Research . Sea Ice Age & Extent

Variations in the Age of Arctic Sea-ice and Summer Sea-ice Extent

Ignatius Rigor1, 2, John M. Wallace2
1Polar Science Center, Applied Physics Laboratory, University of Washington, Seattle, Washington
2Department of Atmospheric Sciences, University of Washington, Seattle, Washington


Read the full paper (PDF): Geophys. Res. Lett., v. 31, doi: 10.1029/2004GL019492, 2004.

Abstract

Three of the past six summers have exhibited record low sea-ice extent on the Arctic Ocean. These minima may have been dynamically induced by changes in the surface winds. Based on results of a simple model that keeps track of the age of ice as it moves about on the Arctic Ocean, we argue that the areal coverage of thick multi-year ice decreased precipitously during 1989-1990 when the Arctic Oscillation was in an extreme "high index" state, and has remained low since that time. Under these conditions, younger, thinner ice anomalies recirculate back to the Alaskan coast more quickly, decreasing the time that new ice has to ridge and thicken before returning for another melt season. During the 2002 and 2003 summers this anomalously younger, thinner ice was advected into Alaskan coastal waters where extensive melting was observed, even though temperatures were locally colder than normal. The age of sea-ice explains more than half of the variance in summer sea-ice extent.

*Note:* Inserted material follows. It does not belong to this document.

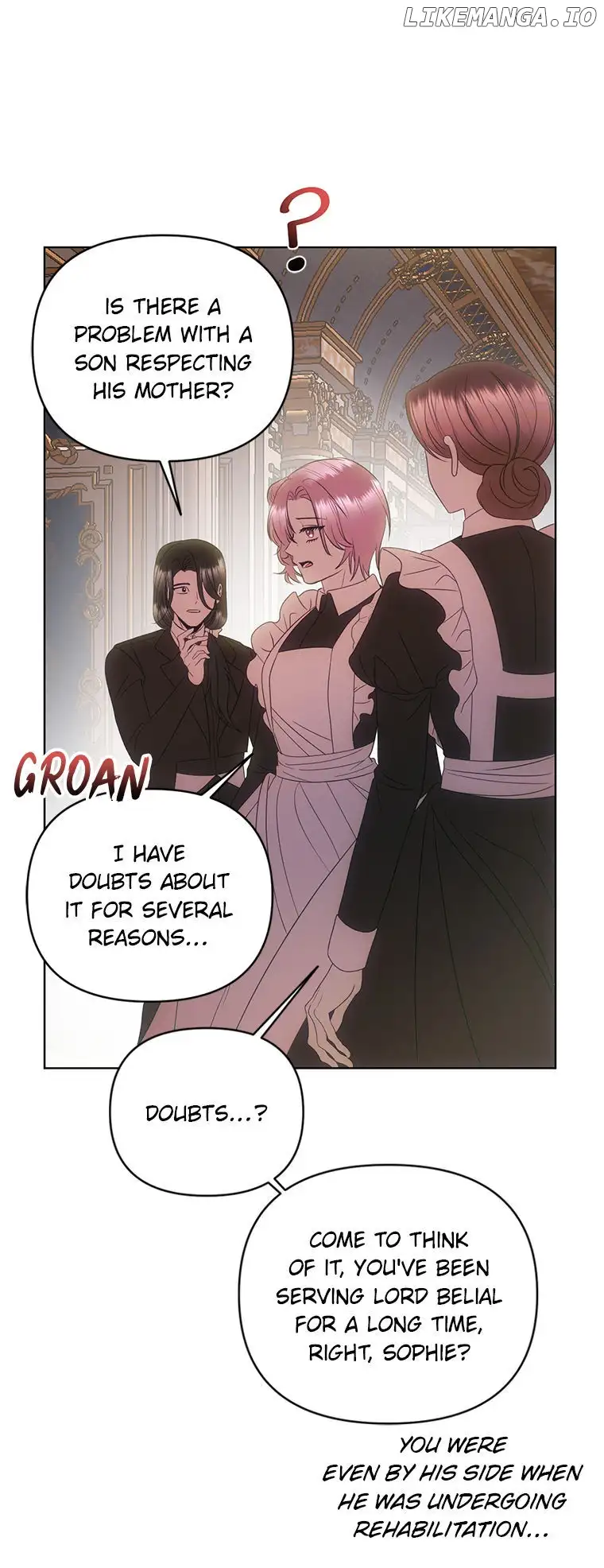 How to survive sleeping with the emperor chapter 58 page 27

Figure 1. Age of sea ice on the Arctic Ocean estimated from the drift of buoys[1] (pink tracks), and satellite derived estimates of sea ice extent[2] (green line). Some things to note:
. Changes in wind and ice motion related to the Arctic Oscillation drives changes in the age and thickness of sea ice.
. Area of old ice has decreased dramatically during the last 15 years.
. Recirculation of younger, thinner sea ice back to the Alaskan coast explain most of the variance in summer sea ice extent.
. This relationship may be exploited to predict summer sea ice extent.


The Movie...

Animations of the age of sea ice updated through October 2007:
. MPG movie showing buoy drift and ice concentrations.
. MPG format showing buoy drift (no ice concentrations).

The red dots shows the current location of buoys used to estimate the age of sea ice. The areas of older, thicker ice are shown in white, while younger, thinner sea ice is shown as darker shades of blue.

This animation of the age of sea ice shows:

1.) A large Beaufort Gyre which covers most of the Arctic Ocean during the 1980s, and a transpolar drift stream shifted towards the Eurasian Arctic. Older, thicker sea ice (white ice) covers about 80% of the Arctic Ocean up to 1988. The date is shown in the upper left corner.

2.) With the step to high-AO conditions in 1989, the Beaufort Gyre shrinks and is confined to the corner between Alaska and Canada. The Transpolar Drift Stream now sweeps across most of the Arctic Ocean, carrying most of the older, thicker sea ice out of the Arctic Ocean through Fram Strait (lower right). By 1990, only about 30% of the Arctic Ocean is covered by older thicker sea ice.

3.) During the high-AO years that follow (1991 and on), this younger thinner sea ice is shown to recirculated back to the Alaskan coast where extensive open water has been observed during summer.

The age of sea ice drifting towards the coast explains over 50% of the variance in summer sea ice extent (compared to less than 15% of the variance explained by the seasonal redistribution of sea ice, and advection of heat by summer winds).

Acknowledgements:

Rigor was funded by a fellowship from the Applied Physics Laboratory, University of Washington, by NOAA Grant NA17RJ1232, and ONR Grant N00014-98-1-0698. Wallace was funded by the National Science Foundation under grant ATM 0318675. This publication was partially funded by the Joint Institute for the Study of the Atmosphere and Ocean (JISAO) under NOAA Cooperative Agreement No. NA17RJ1232, Contribution #1054.

References and notes:

[1] The buoy data was obtained from the International Arctic Buoy Programme.
[2] Comiso, J. C. (1995), SSM/I ice concentrations using the Bootstrap algorithm, NASA Rep., 1380. This analysis has been updated.